──────── Input material
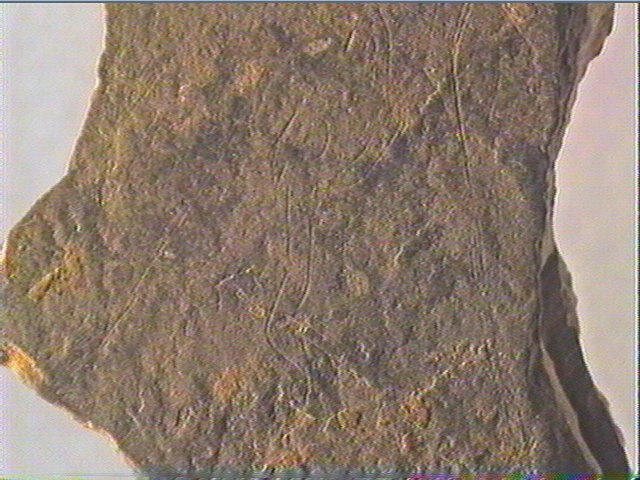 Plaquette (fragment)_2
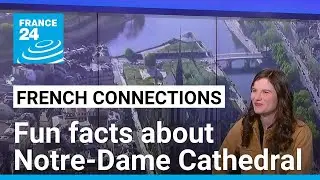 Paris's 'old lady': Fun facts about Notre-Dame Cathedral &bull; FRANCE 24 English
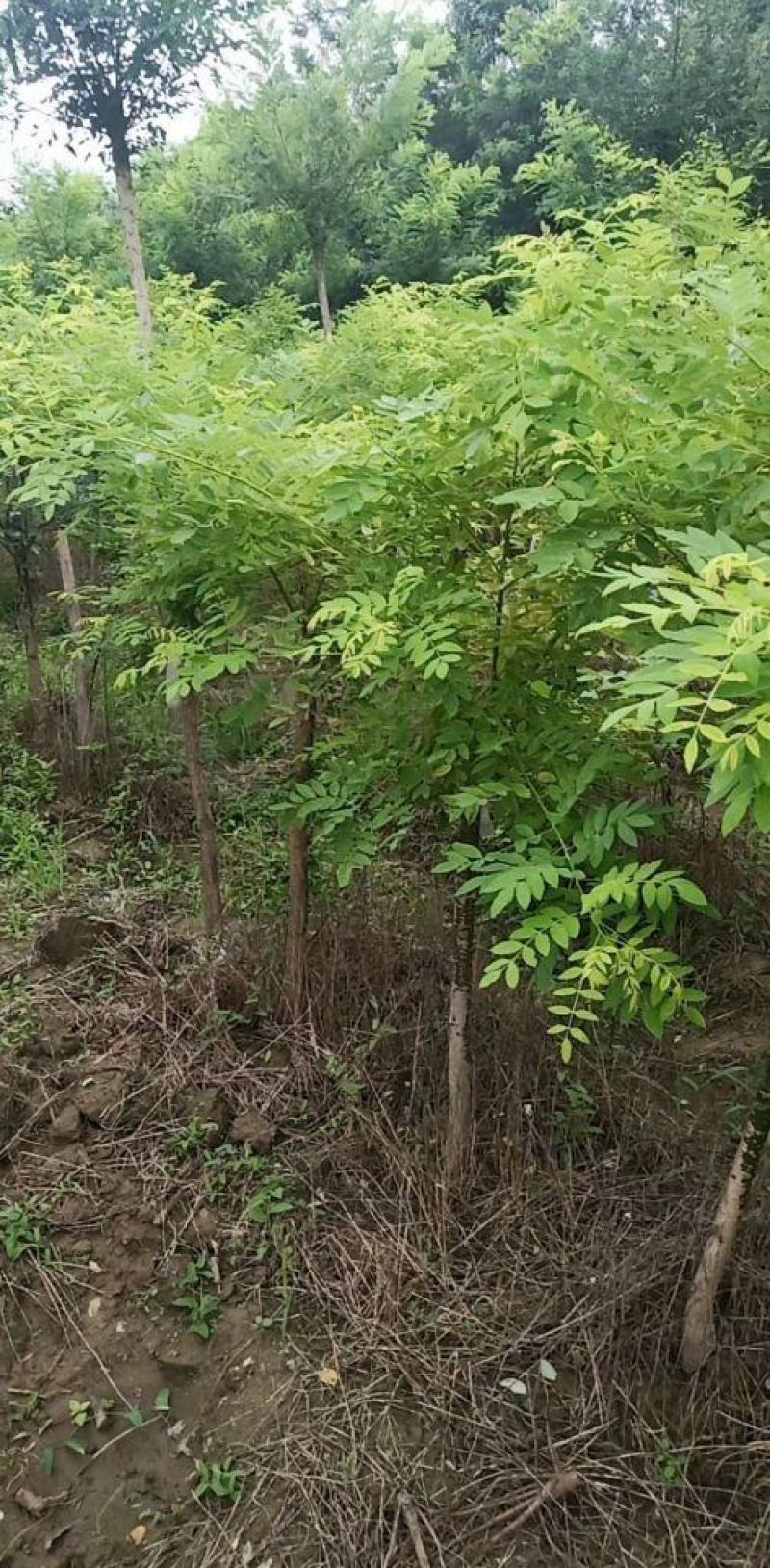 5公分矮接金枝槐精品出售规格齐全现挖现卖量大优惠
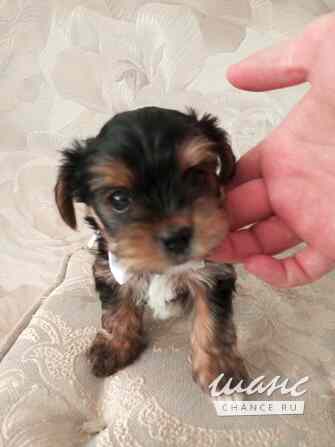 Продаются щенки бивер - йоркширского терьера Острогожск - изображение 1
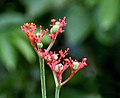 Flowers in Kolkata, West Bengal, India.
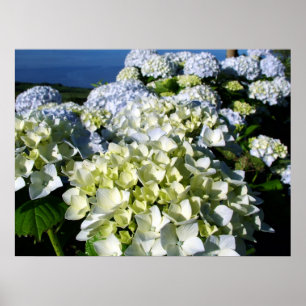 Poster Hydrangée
────────────────
──────── Input material
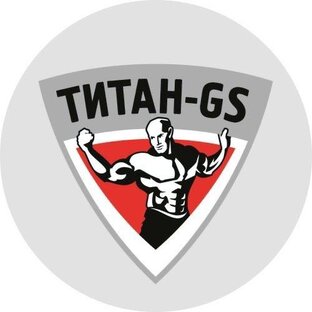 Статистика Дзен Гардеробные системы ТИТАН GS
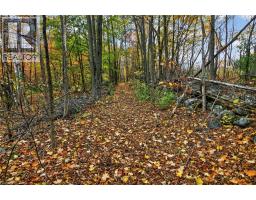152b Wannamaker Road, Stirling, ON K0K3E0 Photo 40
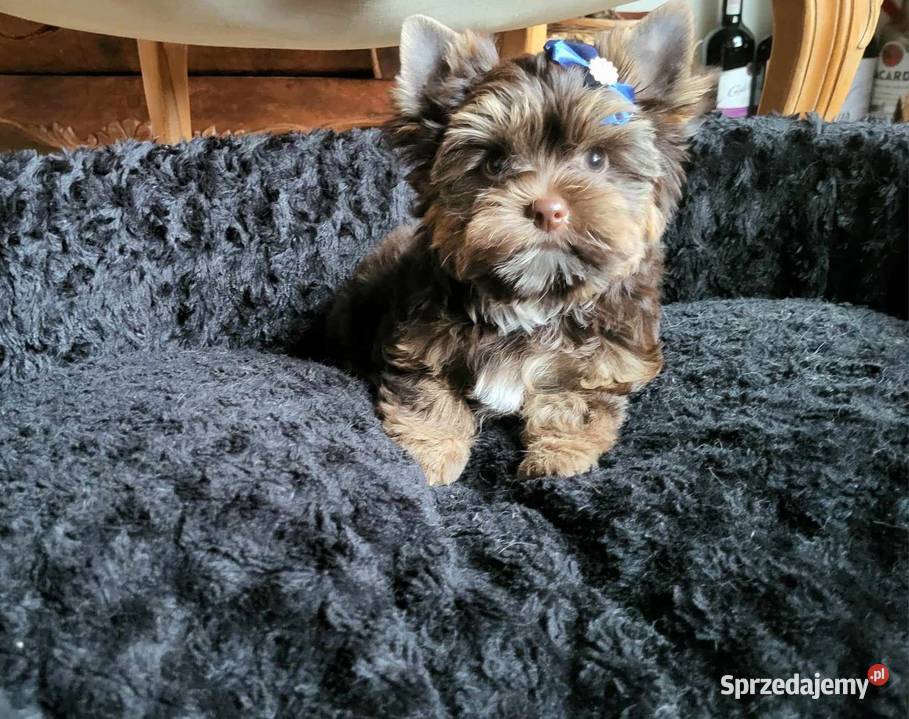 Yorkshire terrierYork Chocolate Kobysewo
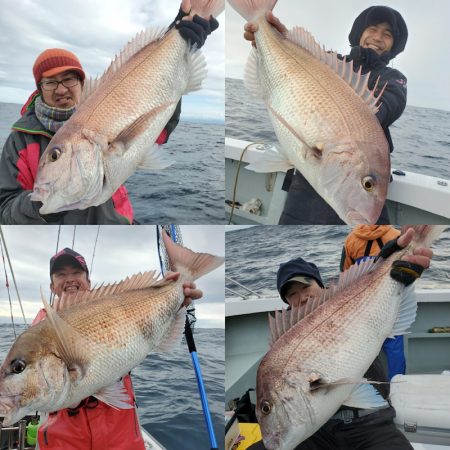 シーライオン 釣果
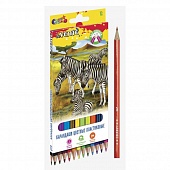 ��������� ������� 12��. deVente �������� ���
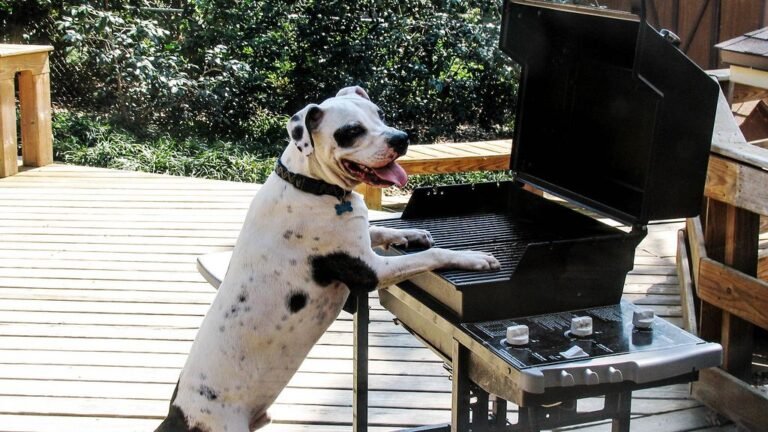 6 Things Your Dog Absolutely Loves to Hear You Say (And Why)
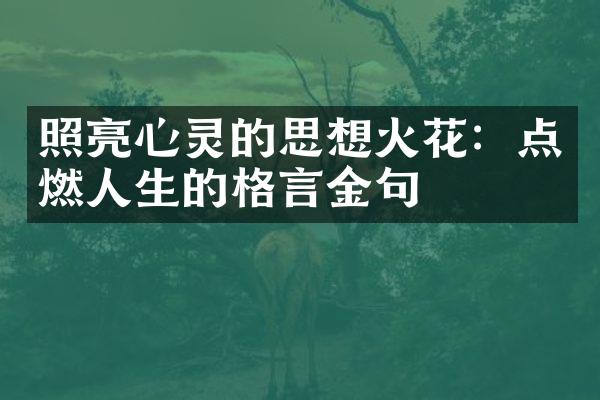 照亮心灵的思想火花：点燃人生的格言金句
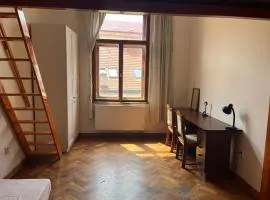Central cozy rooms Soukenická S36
────────────────
• **How to complete this task**
Give again, exactly as written above, every line from the one holding "Plaquette (fragment)_2" to the one holding "Poster Hydrangée", with both ends kept and the pictures left out.

• **Exercise response**
 Plaquette (fragment)_2
 Paris's 'old lady': Fun facts about Notre-Dame Cathedral &bull; FRANCE 24 English
 5公分矮接金枝槐精品出售规格齐全现挖现卖量大优惠
 Продаются щенки бивер - йоркширского терьера Острогожск - изображение 1
 Flowers in Kolkata, West Bengal, India.
 Poster Hydrangée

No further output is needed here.